Holders of record of shares of our common stock, $0.0001 par value per share (“common stock”), as of the close of business on January 31, 2023 (the “Record Date”), will be entitled to notice of and to vote at the Special Meeting and any continuation, postponement, or adjournment of the Special Meeting. As of the Record Date, there were                shares of common stock outstanding and entitled to vote at the Special Meeting. Each share of common stock is entitled to one vote on any matter presented to stockholders at the Special Meeting.

This proxy statement will be released on or about                 , 2023 to our stockholders as of the Record Date.

In this proxy statement, “Nogin,” “Company,” “we,” “us,” and “our” refer to Nogin, Inc.

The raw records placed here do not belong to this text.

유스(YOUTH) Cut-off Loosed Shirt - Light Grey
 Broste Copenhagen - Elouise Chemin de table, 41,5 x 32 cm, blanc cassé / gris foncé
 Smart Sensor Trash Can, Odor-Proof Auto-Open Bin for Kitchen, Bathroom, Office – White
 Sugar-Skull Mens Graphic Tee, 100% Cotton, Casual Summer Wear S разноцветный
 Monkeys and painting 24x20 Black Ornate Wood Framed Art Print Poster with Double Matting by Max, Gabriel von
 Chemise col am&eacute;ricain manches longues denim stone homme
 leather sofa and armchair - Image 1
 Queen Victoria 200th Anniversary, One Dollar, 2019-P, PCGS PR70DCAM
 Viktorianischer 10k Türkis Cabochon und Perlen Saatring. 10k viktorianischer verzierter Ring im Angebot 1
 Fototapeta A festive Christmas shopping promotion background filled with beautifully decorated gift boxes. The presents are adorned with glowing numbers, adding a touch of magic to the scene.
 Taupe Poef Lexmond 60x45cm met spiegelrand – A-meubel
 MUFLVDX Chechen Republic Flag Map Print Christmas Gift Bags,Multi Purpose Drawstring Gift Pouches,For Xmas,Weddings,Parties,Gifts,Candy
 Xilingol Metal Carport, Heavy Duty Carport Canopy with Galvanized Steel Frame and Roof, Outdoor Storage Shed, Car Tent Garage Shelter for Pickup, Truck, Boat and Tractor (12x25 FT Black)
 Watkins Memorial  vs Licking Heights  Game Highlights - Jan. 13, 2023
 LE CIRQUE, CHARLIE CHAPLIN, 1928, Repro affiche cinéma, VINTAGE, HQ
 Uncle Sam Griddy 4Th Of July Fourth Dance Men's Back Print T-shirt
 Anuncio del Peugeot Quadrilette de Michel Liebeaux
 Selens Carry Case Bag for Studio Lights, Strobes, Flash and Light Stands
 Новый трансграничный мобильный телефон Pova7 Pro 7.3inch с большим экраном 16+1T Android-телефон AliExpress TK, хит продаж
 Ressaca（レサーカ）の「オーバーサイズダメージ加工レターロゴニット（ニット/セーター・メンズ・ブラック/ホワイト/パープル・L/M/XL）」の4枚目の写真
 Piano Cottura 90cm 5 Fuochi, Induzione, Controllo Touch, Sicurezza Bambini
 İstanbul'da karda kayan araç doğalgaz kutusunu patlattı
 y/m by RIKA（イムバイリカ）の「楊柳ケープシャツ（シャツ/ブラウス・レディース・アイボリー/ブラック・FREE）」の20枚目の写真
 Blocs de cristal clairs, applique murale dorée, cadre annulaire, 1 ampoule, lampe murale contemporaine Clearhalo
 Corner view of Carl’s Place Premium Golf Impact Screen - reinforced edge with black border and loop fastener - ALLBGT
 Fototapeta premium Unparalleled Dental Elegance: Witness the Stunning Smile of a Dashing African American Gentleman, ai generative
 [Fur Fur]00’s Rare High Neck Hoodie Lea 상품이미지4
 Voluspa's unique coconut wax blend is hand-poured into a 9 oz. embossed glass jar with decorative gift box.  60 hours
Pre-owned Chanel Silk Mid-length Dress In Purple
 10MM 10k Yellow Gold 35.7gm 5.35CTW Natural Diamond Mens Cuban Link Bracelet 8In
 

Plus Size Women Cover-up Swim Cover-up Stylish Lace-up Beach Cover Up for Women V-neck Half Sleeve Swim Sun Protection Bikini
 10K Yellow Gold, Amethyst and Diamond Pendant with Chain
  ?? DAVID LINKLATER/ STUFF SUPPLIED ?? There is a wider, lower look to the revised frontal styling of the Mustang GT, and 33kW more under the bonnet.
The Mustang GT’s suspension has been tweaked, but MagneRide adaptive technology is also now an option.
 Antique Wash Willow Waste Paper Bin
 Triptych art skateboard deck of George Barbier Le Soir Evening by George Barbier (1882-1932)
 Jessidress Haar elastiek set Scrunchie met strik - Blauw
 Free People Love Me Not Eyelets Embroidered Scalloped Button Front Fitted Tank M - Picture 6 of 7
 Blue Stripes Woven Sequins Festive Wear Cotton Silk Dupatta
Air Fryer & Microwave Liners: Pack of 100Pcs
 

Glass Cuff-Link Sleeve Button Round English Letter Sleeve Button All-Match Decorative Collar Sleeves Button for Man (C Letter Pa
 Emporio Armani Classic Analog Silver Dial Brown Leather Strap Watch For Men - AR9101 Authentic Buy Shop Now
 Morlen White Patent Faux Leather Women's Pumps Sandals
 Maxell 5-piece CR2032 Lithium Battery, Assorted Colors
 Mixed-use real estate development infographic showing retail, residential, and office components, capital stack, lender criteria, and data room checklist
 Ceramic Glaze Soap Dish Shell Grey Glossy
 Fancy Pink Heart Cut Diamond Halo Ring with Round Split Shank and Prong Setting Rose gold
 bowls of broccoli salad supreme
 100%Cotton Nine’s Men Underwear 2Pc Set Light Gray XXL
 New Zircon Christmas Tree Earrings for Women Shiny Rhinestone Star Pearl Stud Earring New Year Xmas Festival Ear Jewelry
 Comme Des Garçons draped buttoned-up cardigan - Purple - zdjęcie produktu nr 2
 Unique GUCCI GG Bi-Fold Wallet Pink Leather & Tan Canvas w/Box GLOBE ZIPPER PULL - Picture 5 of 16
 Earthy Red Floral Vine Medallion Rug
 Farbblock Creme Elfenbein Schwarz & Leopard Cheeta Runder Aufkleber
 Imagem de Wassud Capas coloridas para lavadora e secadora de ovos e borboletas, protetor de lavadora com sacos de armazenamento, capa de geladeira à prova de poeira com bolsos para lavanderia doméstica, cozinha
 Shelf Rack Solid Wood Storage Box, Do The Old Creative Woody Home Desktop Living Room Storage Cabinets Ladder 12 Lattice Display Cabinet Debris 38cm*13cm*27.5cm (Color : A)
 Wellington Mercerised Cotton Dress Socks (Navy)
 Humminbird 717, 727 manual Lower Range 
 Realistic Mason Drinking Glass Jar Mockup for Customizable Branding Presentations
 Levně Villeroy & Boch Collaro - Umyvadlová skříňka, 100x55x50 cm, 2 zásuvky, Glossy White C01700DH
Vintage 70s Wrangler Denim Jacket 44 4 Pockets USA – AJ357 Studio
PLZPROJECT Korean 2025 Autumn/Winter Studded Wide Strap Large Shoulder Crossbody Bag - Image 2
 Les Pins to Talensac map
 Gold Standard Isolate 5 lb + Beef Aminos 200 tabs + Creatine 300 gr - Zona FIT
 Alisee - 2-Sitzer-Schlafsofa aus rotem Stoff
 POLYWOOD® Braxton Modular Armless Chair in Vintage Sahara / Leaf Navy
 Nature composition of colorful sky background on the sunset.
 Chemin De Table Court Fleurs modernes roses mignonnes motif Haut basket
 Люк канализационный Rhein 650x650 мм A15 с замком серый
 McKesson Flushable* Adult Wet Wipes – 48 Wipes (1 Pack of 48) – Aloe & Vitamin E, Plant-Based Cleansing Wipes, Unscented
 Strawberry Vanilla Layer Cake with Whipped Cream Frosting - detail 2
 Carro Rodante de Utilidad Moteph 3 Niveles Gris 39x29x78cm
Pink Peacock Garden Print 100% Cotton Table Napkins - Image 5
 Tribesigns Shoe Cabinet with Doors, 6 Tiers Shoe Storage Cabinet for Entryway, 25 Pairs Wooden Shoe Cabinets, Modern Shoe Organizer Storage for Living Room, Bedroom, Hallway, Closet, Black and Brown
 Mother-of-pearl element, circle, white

IMPORTANT NOTICE REGARDING THE AVAILABILITY OF PROXY MATERIALS FOR THE SPECIAL MEETING OF STOCKHOLDERS TO BE HELD ON FEBRUARY 27, 2023:

The Proxy Statement is available electronically at                 .

Proposals

At the Special Meeting, our stockholders will be asked:

1. To approve the proposal to amend the Company’s Second Amended and Restated Certificate of Incorporation to effect a reverse stock split of our common stock at a ratio in the range of 1-for-10 to 1-for-20, such ratio to be determined by the Board, or a committee of the Board, and included in a public announcement (the “Reverse Stock Split Proposal”); and

2. To approve the adjournment of the Special Meeting to a later date or dates, if necessary, to solicit additional proxies if there are not sufficient votes in favor of the Reverse Stock Split Proposal (the “Adjournment Proposal”).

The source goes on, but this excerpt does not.